Located underneath City Hall near Tower Bridge, The Scoop is an outdoor amphitheatre seating approximately 800 people, and is used for free public entertainment to show films, and host musical, theatrical and dance productions.
For those who relish watching a classic film at an arthouse cinema, the independent Shortwave Cinema is a fantastic choice. Here you can enjoy all of the new releases, as well as old-school and indie films, within its intimate 52-seat movie theatre.
Antique lovers and bargain hunters should definitely head to Bermondsey Square to explore its antiques market, held every Friday. From fine china to lavish pieces of furniture and jewellery, visitors are bound to find something that takes their fancy.
Whilst Borough Market is renowned as London’s foodie mecca, another fantastic destination for a taste of artisan delicacies is Maltby Street Market. This weekend market offers anything from fresh seafood to succulent cured meats and homemade preserves.
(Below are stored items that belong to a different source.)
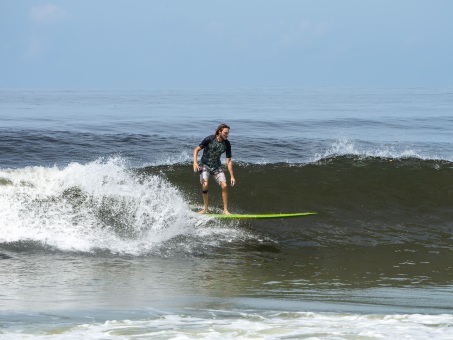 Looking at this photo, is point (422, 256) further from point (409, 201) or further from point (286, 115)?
point (286, 115)

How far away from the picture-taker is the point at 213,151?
13.5 metres

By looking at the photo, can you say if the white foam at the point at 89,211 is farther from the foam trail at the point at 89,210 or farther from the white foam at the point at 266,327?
the white foam at the point at 266,327

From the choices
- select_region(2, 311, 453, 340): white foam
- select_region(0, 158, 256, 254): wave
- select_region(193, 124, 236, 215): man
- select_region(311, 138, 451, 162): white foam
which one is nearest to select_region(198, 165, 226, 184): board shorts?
select_region(193, 124, 236, 215): man

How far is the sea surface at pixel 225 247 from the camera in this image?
7.07 metres

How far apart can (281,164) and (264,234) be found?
572cm

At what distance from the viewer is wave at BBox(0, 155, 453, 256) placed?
12531mm

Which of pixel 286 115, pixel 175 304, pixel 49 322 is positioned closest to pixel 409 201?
pixel 175 304

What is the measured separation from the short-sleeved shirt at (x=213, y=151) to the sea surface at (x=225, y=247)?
1.01 m

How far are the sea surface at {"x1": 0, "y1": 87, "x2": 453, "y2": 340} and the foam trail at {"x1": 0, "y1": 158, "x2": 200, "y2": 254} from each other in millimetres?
36

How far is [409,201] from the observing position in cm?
1585

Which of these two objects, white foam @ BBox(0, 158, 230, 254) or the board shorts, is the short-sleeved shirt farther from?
white foam @ BBox(0, 158, 230, 254)

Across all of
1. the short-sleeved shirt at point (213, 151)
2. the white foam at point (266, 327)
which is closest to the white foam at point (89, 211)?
the short-sleeved shirt at point (213, 151)

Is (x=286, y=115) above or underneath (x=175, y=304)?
above

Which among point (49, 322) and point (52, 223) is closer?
point (49, 322) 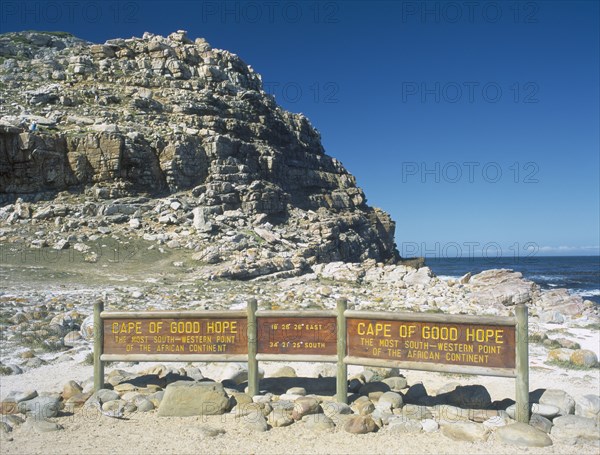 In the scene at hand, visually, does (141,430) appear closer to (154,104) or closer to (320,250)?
(320,250)

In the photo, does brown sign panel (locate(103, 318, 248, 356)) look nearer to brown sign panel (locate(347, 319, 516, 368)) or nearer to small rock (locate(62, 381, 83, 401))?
small rock (locate(62, 381, 83, 401))

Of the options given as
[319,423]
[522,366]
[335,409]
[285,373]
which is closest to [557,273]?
[285,373]

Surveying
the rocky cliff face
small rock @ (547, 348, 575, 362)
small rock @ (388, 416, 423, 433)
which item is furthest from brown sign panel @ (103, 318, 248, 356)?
the rocky cliff face

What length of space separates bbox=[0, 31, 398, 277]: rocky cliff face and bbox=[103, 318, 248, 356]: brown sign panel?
1808 cm

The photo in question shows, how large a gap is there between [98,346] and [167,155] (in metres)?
36.1

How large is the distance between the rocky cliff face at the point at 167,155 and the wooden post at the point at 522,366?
2027 cm

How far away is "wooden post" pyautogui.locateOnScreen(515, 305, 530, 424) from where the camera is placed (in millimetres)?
5852

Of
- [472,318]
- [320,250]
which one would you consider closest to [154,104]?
[320,250]

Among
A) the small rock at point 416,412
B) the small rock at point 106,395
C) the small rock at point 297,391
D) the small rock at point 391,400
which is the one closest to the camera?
the small rock at point 416,412

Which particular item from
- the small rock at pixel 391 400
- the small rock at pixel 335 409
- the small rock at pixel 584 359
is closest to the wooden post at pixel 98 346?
the small rock at pixel 335 409

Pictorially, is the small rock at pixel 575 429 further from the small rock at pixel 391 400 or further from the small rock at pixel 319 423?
the small rock at pixel 319 423

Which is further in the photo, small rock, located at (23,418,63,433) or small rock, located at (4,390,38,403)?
small rock, located at (4,390,38,403)

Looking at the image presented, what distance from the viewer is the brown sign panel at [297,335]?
6781 millimetres

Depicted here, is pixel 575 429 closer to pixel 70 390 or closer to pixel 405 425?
pixel 405 425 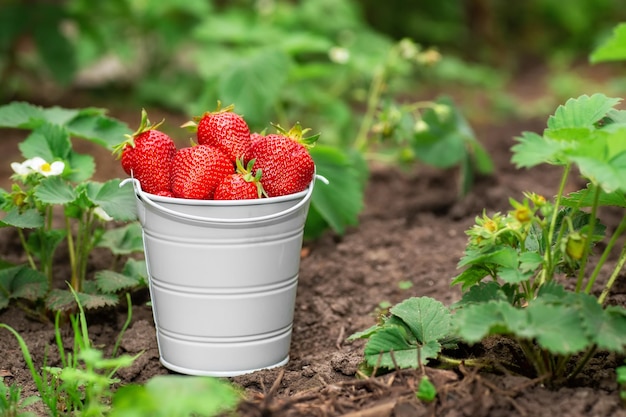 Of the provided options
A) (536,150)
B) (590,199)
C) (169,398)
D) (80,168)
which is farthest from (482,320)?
(80,168)

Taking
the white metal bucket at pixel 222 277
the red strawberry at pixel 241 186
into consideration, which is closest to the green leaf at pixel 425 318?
the white metal bucket at pixel 222 277

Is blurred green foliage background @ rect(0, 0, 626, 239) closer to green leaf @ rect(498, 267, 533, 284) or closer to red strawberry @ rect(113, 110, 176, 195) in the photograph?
red strawberry @ rect(113, 110, 176, 195)

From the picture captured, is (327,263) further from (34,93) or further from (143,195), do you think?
(34,93)

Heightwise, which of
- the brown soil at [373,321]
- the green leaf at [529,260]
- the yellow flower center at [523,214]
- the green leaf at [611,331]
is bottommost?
the brown soil at [373,321]

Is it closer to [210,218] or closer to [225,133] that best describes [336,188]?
[225,133]

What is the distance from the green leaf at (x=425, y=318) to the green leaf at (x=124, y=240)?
36.0 inches

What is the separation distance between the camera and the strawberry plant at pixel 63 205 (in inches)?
85.1

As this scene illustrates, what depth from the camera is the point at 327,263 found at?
290cm

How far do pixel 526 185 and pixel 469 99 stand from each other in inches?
94.4

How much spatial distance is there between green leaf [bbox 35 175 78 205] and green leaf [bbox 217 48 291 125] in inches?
50.5

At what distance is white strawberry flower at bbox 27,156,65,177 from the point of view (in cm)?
221

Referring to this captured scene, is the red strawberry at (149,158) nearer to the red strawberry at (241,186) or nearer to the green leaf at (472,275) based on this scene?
the red strawberry at (241,186)

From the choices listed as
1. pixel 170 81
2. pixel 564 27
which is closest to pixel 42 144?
pixel 170 81

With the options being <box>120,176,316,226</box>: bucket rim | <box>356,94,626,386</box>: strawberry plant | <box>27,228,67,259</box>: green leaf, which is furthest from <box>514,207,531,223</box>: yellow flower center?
<box>27,228,67,259</box>: green leaf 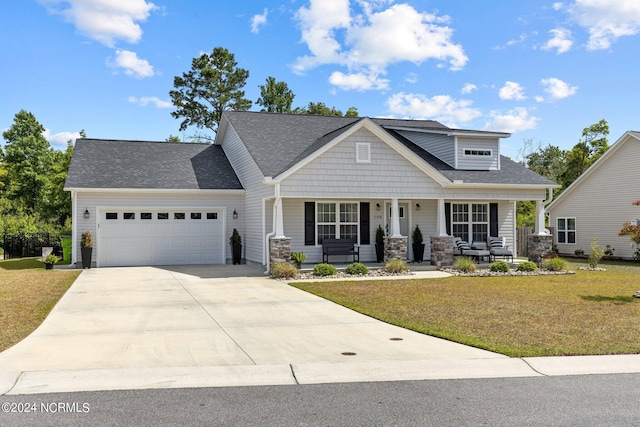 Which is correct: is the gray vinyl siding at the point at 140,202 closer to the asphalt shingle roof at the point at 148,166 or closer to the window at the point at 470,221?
the asphalt shingle roof at the point at 148,166

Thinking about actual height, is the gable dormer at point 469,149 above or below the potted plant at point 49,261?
above

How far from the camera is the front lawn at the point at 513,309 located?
8.09 meters

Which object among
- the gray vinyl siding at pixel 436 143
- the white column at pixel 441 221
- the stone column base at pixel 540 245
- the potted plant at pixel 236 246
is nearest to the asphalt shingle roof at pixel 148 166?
the potted plant at pixel 236 246

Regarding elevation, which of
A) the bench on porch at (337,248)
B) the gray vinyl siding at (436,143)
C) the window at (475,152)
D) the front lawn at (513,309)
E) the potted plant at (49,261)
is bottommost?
the front lawn at (513,309)

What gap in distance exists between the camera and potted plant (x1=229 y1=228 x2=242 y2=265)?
21.2 meters

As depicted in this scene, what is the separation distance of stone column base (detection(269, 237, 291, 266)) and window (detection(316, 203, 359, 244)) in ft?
10.0

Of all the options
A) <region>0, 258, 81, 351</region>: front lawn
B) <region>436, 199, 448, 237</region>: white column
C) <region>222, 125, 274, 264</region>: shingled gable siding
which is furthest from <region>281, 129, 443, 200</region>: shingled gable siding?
<region>0, 258, 81, 351</region>: front lawn

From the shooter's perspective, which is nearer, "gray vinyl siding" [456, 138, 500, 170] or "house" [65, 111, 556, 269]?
"house" [65, 111, 556, 269]

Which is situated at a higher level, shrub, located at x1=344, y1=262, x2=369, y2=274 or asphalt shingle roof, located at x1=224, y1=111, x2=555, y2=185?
asphalt shingle roof, located at x1=224, y1=111, x2=555, y2=185

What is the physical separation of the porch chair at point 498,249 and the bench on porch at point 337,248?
5429mm

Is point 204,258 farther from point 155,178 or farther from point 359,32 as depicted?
point 359,32

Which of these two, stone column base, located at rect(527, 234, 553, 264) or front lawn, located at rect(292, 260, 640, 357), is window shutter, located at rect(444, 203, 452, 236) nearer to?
stone column base, located at rect(527, 234, 553, 264)

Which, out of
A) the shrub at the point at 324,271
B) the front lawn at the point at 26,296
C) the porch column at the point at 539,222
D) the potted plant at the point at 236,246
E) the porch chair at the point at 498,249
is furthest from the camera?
the porch column at the point at 539,222

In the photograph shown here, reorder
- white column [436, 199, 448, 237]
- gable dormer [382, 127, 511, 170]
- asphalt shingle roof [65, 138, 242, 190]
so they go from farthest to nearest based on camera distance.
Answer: gable dormer [382, 127, 511, 170] → asphalt shingle roof [65, 138, 242, 190] → white column [436, 199, 448, 237] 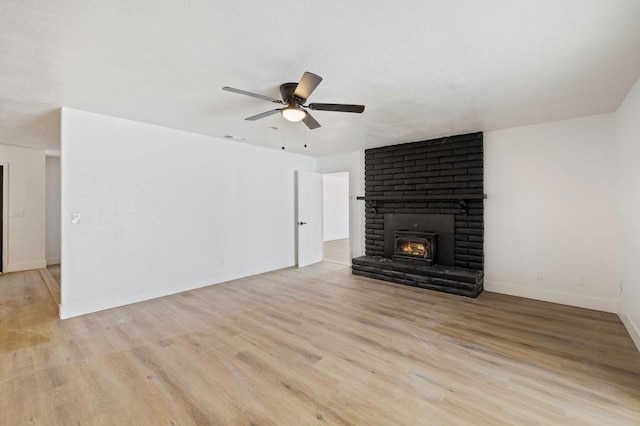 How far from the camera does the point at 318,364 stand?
2.47 metres

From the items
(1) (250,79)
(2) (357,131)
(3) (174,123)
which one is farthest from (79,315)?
(2) (357,131)

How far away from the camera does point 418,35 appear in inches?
77.4

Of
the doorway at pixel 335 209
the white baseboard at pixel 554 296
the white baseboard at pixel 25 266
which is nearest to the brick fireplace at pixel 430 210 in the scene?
the white baseboard at pixel 554 296

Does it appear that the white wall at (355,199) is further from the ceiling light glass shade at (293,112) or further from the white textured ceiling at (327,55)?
the ceiling light glass shade at (293,112)

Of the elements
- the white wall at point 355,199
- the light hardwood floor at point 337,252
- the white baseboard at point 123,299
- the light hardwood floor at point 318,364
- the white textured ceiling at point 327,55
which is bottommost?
the light hardwood floor at point 318,364

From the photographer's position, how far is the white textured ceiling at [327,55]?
5.69 ft

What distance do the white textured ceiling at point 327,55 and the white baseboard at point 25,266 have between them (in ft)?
12.3

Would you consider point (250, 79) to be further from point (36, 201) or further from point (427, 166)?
point (36, 201)

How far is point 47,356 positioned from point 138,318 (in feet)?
3.01

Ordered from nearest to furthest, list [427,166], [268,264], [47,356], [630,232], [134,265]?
[47,356] < [630,232] < [134,265] < [427,166] < [268,264]

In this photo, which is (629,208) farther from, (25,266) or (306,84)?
(25,266)

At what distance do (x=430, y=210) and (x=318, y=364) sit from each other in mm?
3597

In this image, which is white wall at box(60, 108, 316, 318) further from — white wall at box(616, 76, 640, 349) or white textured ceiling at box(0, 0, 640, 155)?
white wall at box(616, 76, 640, 349)

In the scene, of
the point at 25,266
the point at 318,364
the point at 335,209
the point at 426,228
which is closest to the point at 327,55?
the point at 318,364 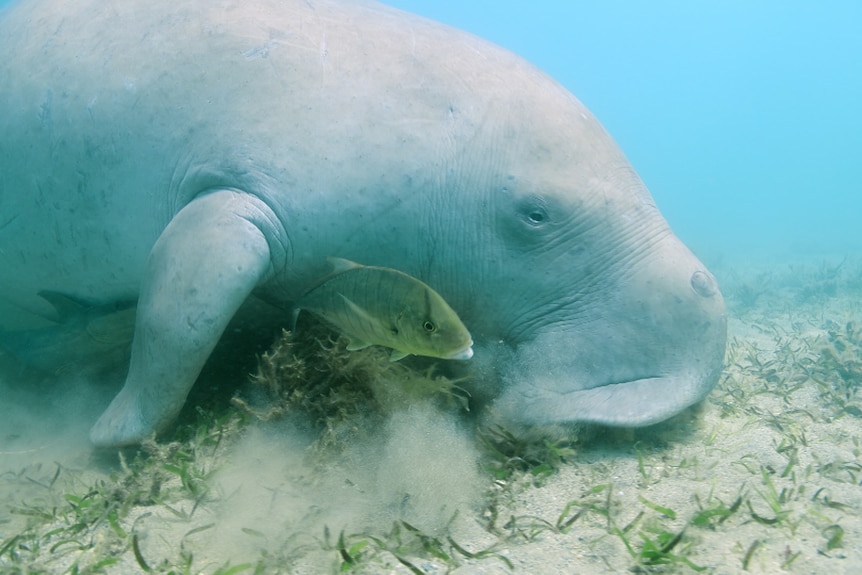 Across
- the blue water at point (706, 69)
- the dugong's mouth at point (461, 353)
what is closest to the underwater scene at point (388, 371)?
the dugong's mouth at point (461, 353)

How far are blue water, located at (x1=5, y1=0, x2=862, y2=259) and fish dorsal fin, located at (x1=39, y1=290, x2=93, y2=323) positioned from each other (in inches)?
5596

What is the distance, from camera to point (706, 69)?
7101 inches

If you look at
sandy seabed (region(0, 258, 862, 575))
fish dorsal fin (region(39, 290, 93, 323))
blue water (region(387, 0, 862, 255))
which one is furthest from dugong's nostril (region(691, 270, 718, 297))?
blue water (region(387, 0, 862, 255))

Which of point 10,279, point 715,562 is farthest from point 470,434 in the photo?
point 10,279

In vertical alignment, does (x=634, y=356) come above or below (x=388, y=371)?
above

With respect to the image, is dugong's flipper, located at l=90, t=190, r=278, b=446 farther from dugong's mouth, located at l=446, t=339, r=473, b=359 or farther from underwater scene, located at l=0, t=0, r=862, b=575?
dugong's mouth, located at l=446, t=339, r=473, b=359

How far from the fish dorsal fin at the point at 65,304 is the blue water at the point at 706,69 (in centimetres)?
14214

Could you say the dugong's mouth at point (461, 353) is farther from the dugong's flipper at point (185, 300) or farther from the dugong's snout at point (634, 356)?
the dugong's flipper at point (185, 300)

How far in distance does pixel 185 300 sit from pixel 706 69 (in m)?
206

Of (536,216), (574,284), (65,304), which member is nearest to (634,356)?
(574,284)

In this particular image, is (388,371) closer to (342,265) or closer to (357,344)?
(357,344)

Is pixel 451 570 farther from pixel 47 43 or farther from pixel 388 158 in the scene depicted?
pixel 47 43

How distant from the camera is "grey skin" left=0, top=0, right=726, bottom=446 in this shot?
2.89 meters

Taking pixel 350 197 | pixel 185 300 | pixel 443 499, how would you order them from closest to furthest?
pixel 443 499
pixel 185 300
pixel 350 197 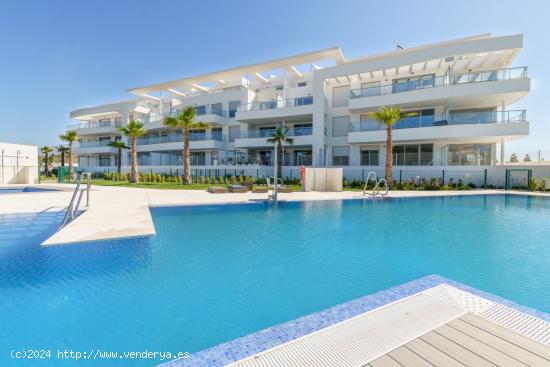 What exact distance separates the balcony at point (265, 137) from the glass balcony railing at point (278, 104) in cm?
272

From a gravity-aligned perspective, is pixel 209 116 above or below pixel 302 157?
above

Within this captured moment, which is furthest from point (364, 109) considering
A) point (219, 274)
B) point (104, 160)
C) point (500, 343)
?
point (104, 160)

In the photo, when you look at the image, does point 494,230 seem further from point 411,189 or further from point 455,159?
point 455,159

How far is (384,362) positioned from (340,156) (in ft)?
99.6

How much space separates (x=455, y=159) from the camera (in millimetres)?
26500

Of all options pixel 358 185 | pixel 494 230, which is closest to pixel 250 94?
pixel 358 185

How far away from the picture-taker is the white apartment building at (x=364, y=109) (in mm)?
22750

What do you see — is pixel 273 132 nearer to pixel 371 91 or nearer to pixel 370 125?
pixel 370 125

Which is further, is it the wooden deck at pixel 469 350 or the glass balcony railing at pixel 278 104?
the glass balcony railing at pixel 278 104

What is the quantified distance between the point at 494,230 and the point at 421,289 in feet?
24.0

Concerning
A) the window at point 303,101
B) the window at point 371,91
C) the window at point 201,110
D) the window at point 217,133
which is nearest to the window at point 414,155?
the window at point 371,91

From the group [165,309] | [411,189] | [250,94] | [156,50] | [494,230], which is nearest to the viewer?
[165,309]

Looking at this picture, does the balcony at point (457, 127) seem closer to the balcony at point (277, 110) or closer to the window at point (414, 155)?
the window at point (414, 155)

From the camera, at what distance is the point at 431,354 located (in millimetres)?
2340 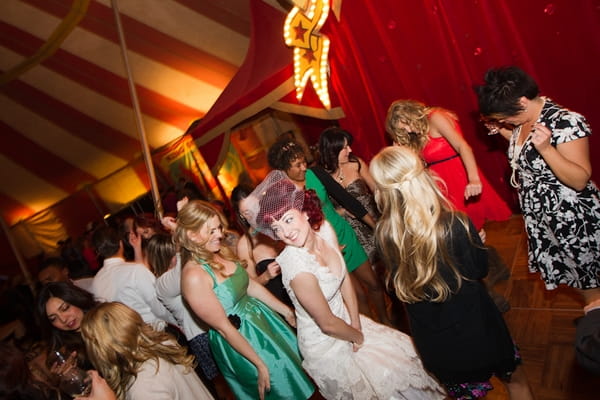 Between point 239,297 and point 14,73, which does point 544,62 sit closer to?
point 239,297

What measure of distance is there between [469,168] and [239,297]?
58.7 inches

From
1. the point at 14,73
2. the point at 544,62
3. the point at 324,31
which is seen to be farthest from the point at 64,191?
the point at 544,62

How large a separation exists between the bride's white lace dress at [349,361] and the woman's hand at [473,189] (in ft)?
3.49

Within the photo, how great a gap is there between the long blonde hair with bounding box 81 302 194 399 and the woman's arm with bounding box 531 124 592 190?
1.68 metres

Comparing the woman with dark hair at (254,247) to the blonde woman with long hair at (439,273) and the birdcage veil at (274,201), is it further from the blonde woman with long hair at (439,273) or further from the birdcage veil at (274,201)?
the blonde woman with long hair at (439,273)

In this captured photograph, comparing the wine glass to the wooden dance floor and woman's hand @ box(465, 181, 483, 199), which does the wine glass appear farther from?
woman's hand @ box(465, 181, 483, 199)

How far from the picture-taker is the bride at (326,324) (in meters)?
1.47

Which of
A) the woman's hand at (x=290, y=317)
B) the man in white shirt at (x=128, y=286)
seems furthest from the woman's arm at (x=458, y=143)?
the man in white shirt at (x=128, y=286)

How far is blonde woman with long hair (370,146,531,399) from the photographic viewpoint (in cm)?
138

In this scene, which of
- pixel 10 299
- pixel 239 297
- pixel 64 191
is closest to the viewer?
pixel 239 297

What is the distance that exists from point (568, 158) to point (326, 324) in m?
1.19

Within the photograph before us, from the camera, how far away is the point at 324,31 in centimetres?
440

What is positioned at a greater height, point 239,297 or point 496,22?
point 496,22

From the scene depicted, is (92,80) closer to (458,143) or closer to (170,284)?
(170,284) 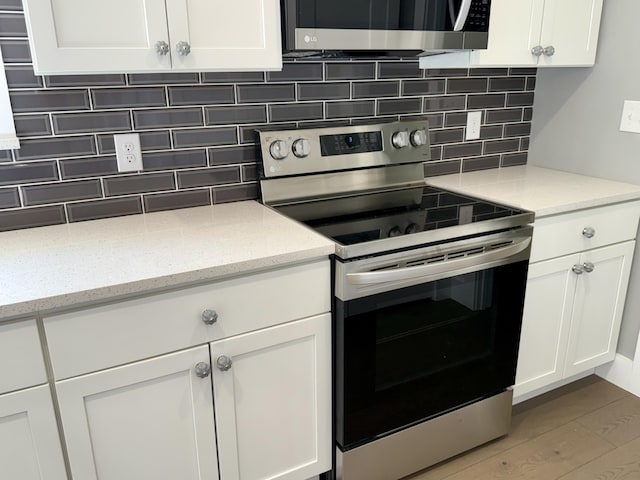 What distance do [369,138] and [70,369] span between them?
4.25ft

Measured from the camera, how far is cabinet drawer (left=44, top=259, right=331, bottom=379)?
1.25 meters

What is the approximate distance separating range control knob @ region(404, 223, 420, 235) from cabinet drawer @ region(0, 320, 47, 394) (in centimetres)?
100

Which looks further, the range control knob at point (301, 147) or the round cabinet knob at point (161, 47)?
the range control knob at point (301, 147)

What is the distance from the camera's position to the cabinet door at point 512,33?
1912 mm

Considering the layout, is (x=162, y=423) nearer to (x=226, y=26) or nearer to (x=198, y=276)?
(x=198, y=276)

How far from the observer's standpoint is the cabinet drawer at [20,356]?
3.88 feet

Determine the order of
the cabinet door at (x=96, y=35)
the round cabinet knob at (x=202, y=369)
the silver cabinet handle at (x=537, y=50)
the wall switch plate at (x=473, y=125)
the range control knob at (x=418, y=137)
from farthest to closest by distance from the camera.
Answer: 1. the wall switch plate at (x=473, y=125)
2. the range control knob at (x=418, y=137)
3. the silver cabinet handle at (x=537, y=50)
4. the round cabinet knob at (x=202, y=369)
5. the cabinet door at (x=96, y=35)

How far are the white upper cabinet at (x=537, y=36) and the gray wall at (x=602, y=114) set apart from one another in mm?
78

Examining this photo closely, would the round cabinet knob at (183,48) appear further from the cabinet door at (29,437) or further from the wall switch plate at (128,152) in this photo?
the cabinet door at (29,437)

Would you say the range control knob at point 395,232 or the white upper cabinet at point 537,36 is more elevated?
the white upper cabinet at point 537,36

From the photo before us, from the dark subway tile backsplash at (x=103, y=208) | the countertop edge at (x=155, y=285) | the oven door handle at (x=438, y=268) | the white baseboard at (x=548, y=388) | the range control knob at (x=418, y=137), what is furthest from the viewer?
the white baseboard at (x=548, y=388)

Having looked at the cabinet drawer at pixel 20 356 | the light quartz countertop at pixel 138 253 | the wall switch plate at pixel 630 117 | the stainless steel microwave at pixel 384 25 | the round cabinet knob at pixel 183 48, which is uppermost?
the stainless steel microwave at pixel 384 25

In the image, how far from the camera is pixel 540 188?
6.91ft

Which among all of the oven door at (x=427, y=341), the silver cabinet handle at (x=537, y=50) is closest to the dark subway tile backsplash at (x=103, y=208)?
the oven door at (x=427, y=341) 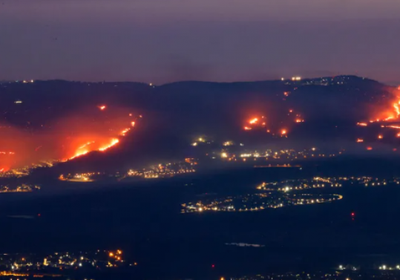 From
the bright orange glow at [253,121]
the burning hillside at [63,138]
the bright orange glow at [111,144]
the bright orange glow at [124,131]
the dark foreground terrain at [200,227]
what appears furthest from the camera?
the bright orange glow at [253,121]

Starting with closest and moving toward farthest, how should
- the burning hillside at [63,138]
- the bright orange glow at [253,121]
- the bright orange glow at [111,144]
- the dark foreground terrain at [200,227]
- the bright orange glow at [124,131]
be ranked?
1. the dark foreground terrain at [200,227]
2. the burning hillside at [63,138]
3. the bright orange glow at [111,144]
4. the bright orange glow at [124,131]
5. the bright orange glow at [253,121]

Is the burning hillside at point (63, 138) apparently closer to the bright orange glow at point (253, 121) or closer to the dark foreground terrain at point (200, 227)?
the dark foreground terrain at point (200, 227)

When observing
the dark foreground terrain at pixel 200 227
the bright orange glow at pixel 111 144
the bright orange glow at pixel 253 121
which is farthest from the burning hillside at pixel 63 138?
the bright orange glow at pixel 253 121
During the week, B Street Deli – the area’s local delicatessen, home to sweet and savoury treats from across the globe – is sure to satisfy any cravings until the next market day comes around.
For an unforgettable restaurant experience, Bermondsey Street has a dizzying amount of choice, offering delectable flavours from around the world in dazzling modern venues and edgy warehouse conversions. For Spanish tapas, head to the hipster hideout Pizarro, or for European cuisine accompanied by one of the exclusive house cocktails, take to Village East. Burger fans should no doubt head to Tanner & Co – the home of good old British grub, an irresistible bottomless brunch and the ‘best burger in Bermondsey’.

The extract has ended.